Astronomers have detected the brightest supernova yet, twice as bright as any seen before. So bright, in fact, that the explosion released tens of times the energy that the Sun will produce in its entire lifetime. The event, known SN2016aps, has been put forward as evidence of a rare "pulsational pair-instability" supernova.
These events have been predicted theoretically but never observed before. Reporting in Nature Astronomy the team followed the light of the event for two years, using the data to understand the explosion and estimate the properties of its progenitor. The mass of the supernova was between 50 and 100 times the mass of the Sun (solar masses), much higher than your run-of-the-mill supernova, which is usually between 8 and 15 solar masses.
The incredible explosion was possibly the result of two stars merging, but the increase in energy is likely due to a different collision between the supernova and the gas released by one or both stars before their demise, creating the “perfect storm” that was this event.

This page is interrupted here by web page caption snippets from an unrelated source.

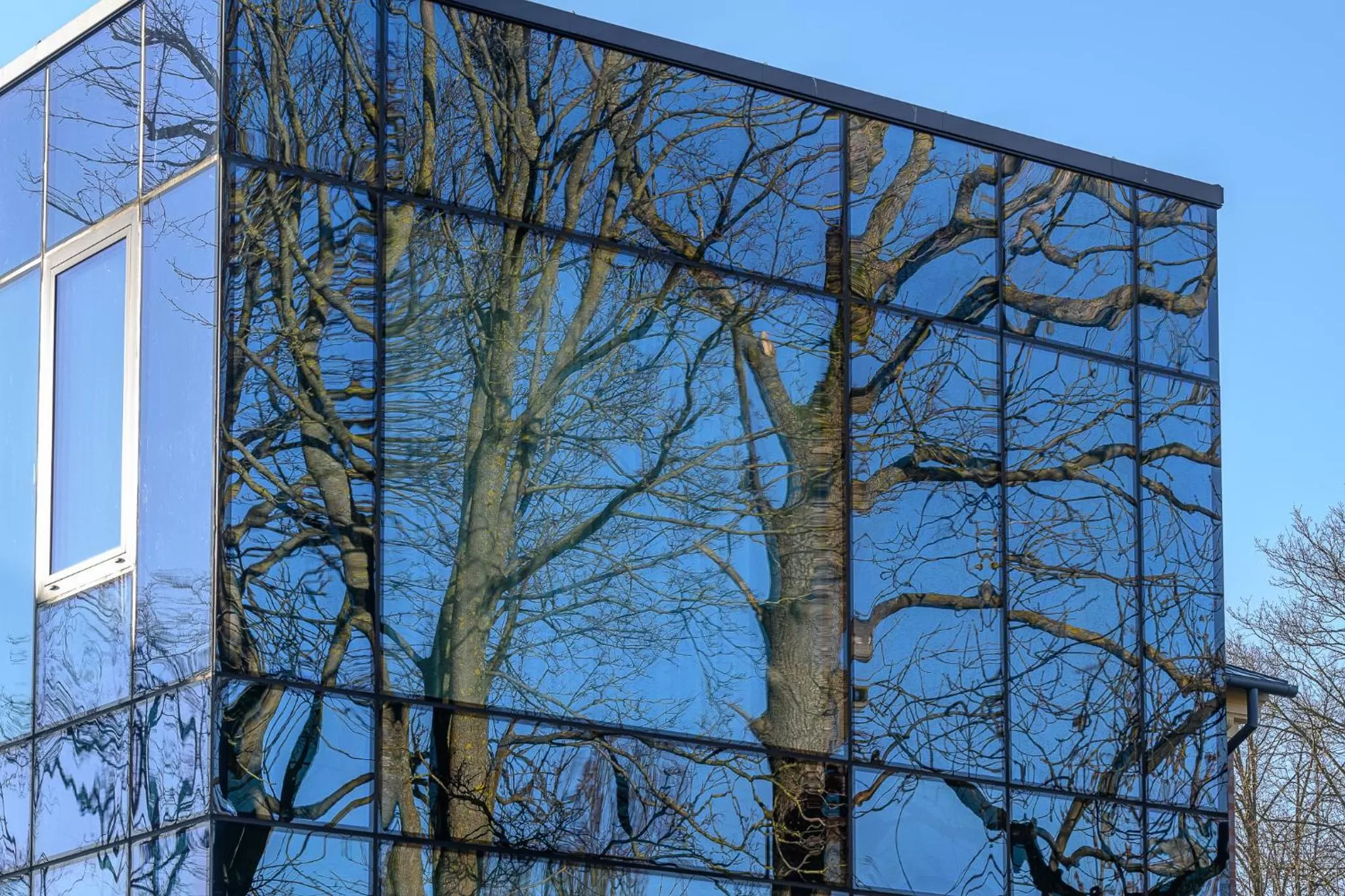 Property building, Winter in Roze Peldu Residence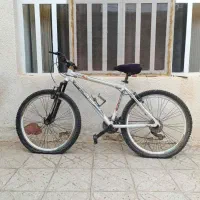 گردن بند مردانه مرغ عشق  دوچرخه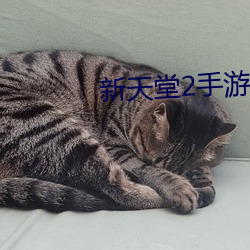 新(新)天堂2手游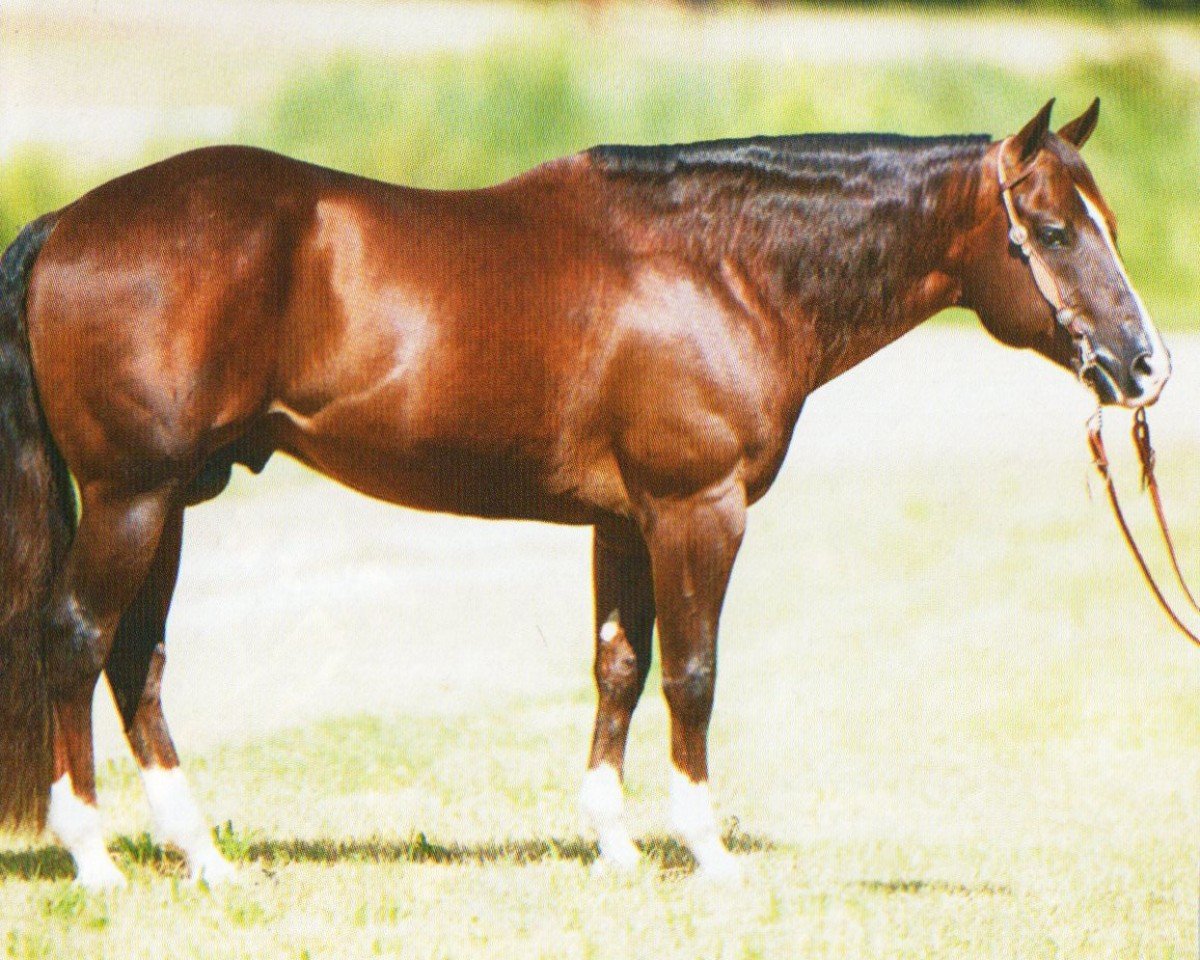 stallion Custom Legend (Quarter Horse, 2001, from Custom Crome)
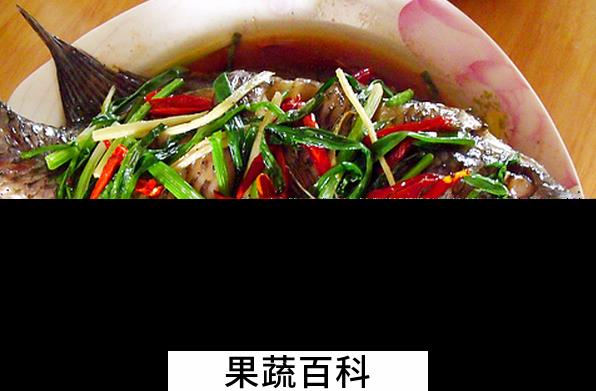 果蔬百科罗非鱼的功效与作用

"Stars with extremely large mass undergo violent pulsations before they die, shaking off a giant gas shell. This can be powered by a process called the pair-instability, which has been a topic of speculation for physicists for the last 50 years," lead author Dr Matt Nicholl from the University of Birmingham said in a statement. "If the supernova gets the timing right, it can catch up to this shell and release a huge amount of energy in the collision. We think this is one of the most compelling candidates for this process yet observed, and probably the most massive."
"SN2016aps also contained another puzzle," added Dr Nicholl. "The gas we detected was mostly hydrogen – but such a massive star would usually have lost all of its hydrogen via stellar winds long before it started pulsating. One explanation is that two slightly less massive stars of around, say 60 solar masses, had merged before the explosion. The lower mass stars hold onto their hydrogen for longer, while their combined mass is high enough to trigger the pair-instability."
The estimated energy released of this supernova is just slightly higher than ASASSN-15lh, the previous record holder for most powerful supernova. There have been questions surrounding the true nature of ASASSN-15lh, as some have proposed it was a supermassive black hole-related event since it was located close to the core of its galaxy. SN2016aps instead appeared to be far removed from its galaxy's supermassive black hole, making its supernova claim that much stronger.
To truly understand these objects we need more observations, and upcoming telescopes like the James Webb Space Telescope should be up to the task of doing just that.